Menurut definisi ilmiah, senyum adalah ekspresi wajah yang dibentuk oleh tarikan otot terutama pada otot-otot di kedua ujung mulut. Kata senyum adalah kata yang indah dan menarik hati, menyenangkan, dan menggembirakan. Meski ringan, banyak orang berat untuk senyum pada saudara dan sesama manusia.Padahal, senyum adalah aktivitas yang dilakukan oleh manusia yang mulia. Jarir bin Abdillah Ra berkata, “Sejak aku masuk Islam, Nabi Saw tidak pernah menghalangiku untuk menemuinya. Dan, setiap kali berjumpa denganku, beliau selalu tersenyum padaku.” (HR. Al-Bukhari)

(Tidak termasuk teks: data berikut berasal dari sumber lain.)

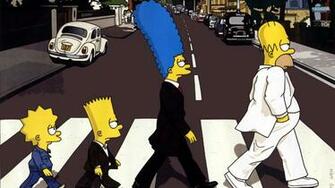 Wallpaper HD Cartoons 1080p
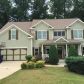 5120 Trailing Fox Drive, Cumming, GA 30040 ID:14481187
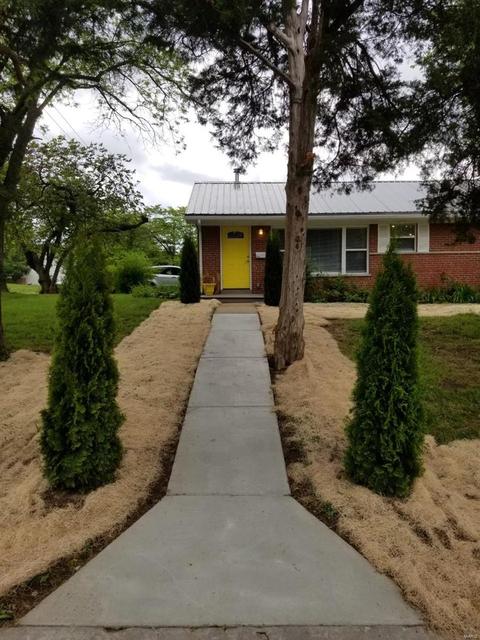 9258 Litzsinger Rd, Saint Louis, MO 63144 photo 35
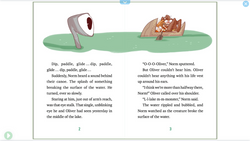 hilokal-notebook-image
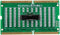 Notebook Memory Dual-Purpose Test Card with Light, SO-DIMM Analyzer Diagnostic Tester Post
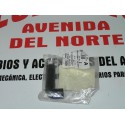 RECUPERADOR DE GASES CARTER FORD FIESTA Y CURIER 1,8 DIESEL REF ORG, 6191671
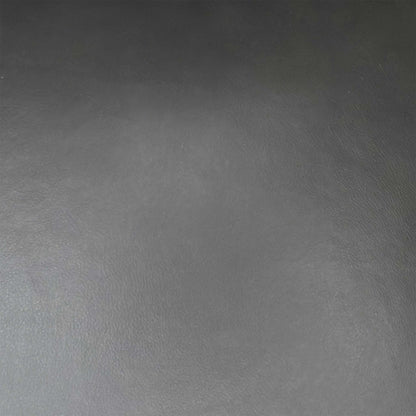 ‘Marlow’ Elephant Grey Italian Leather Right Hand Facing Corner Chaise Sofa Very.com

Jadi, meskipun ringan, senyum merupakan amal kebaikan yang tidak boleh diremehkan. Tersenyum dan bermuka manis adalah sunnah. Ia bukan sekadar suatu formalitas atau aktivitas kemanusiaan semata. Tersenyum adalah ibadah. Siapa pun yang melakukannya akan memperoleh pahala.
Senyum adalah Sedekah
Dari Abu Dzar Ra, Rasulullah Saw bersabda: “Engkau tersenyum di depan saudaramu adalah sedekah” (Riwayat Bukhari dari Kitabul Adab)
Senyum itu sedekah? Begitu mudah untuk mendapat pahala sedekah tanpa mengeluarkan uang sepeser pun. Tetapi, benarkah senyum itu mudah? Senyum adalah luapan batin. Ia merupakan ciri khas makhluk yang bernama manusia. Manusia mudah jatuh hati pada seseorang yang tersenyum. Senyum juga mampu menumbuhkan rasa gembira, menyebabkan hati menjadi damai. Senyum juga mampu mengusir duka.

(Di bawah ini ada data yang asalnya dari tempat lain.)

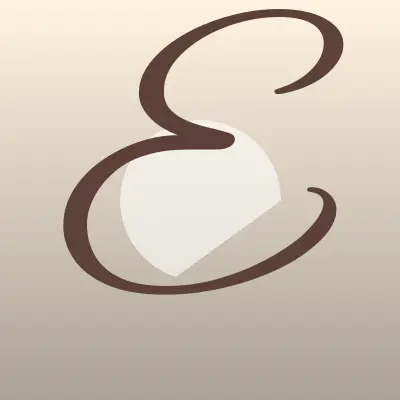 Визитка: Экран, магазин электротоваров в Иваново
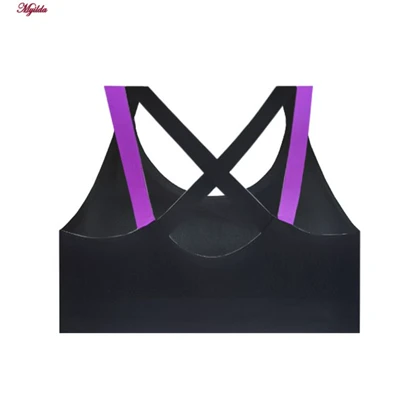 نیم‌تنه ورزشی زنانه مدل اسفنجی وارداتی کد 16084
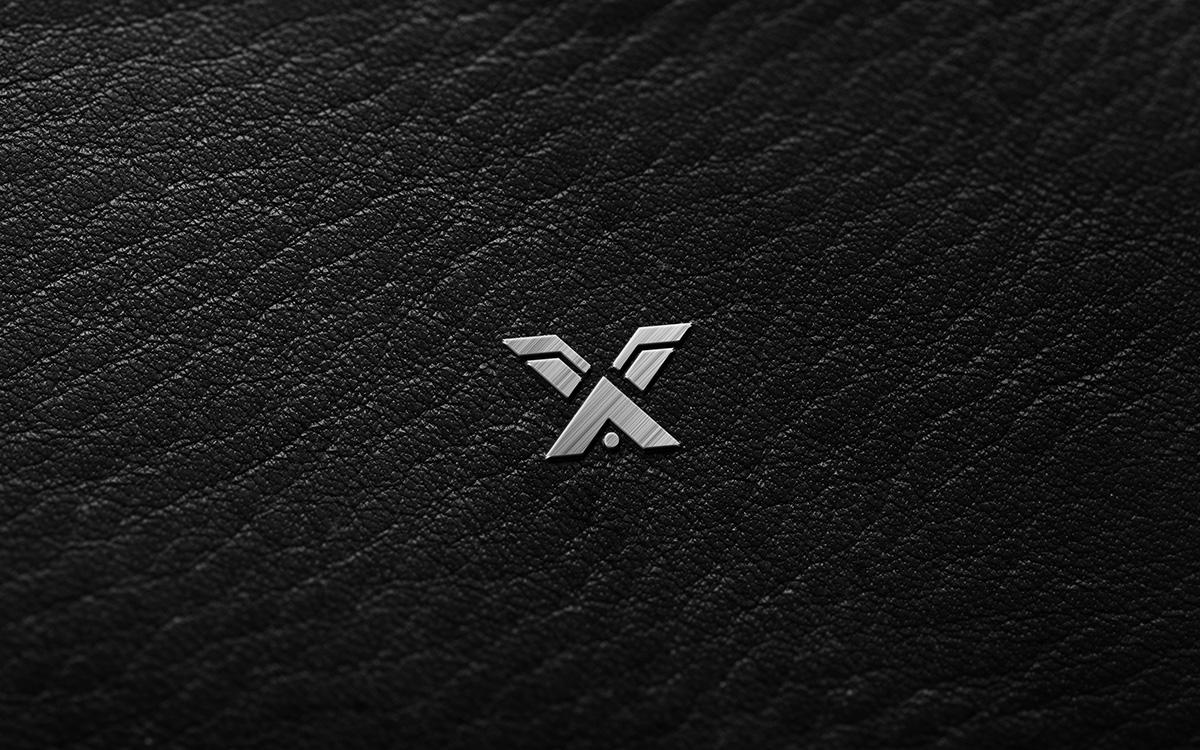Logo Design by Ves-Boycheva for Lenso Wheels | Design #15890387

Sebaliknya, tanpa senyum, orang akan menjauhkan diri dari kita. Manusia cenderung tidak menyukai sikap sombong, angkuh, kasar dan bengis. Firman Allah Swt, “Maka disebabkan rahmat Allah lah kamu berlaku lemah lembut terhadap mereka. Sekiranya kamu bersikap keras lagi berhati kasar, tentulah mereka menjauhkan diri dari sekelilingmu.” (QS.Ali-Imran: 159)
Senyum dalam ajaran Islam bernilai ibadah. Seulas senyuman yang disunggingkan kepada seseorang setara dengan nilai bersedekah. Pengertian sedekah tidak terbatas hanya pada materi saja. Senyum merupakan sedekah yang paling mudah tetapi juga bisa menjadi sangat sulit diberikan oleh seseorang.
Pada dasarnya, semua orang bisa tersenyum dengan siapa saja. Namun, kadang karena ketidakseimbangan fisik  maupun mental membuat sebagian orang sulit untuk tersenyum. Senyuman itu dapat menggambarkan suasana hati seseorang.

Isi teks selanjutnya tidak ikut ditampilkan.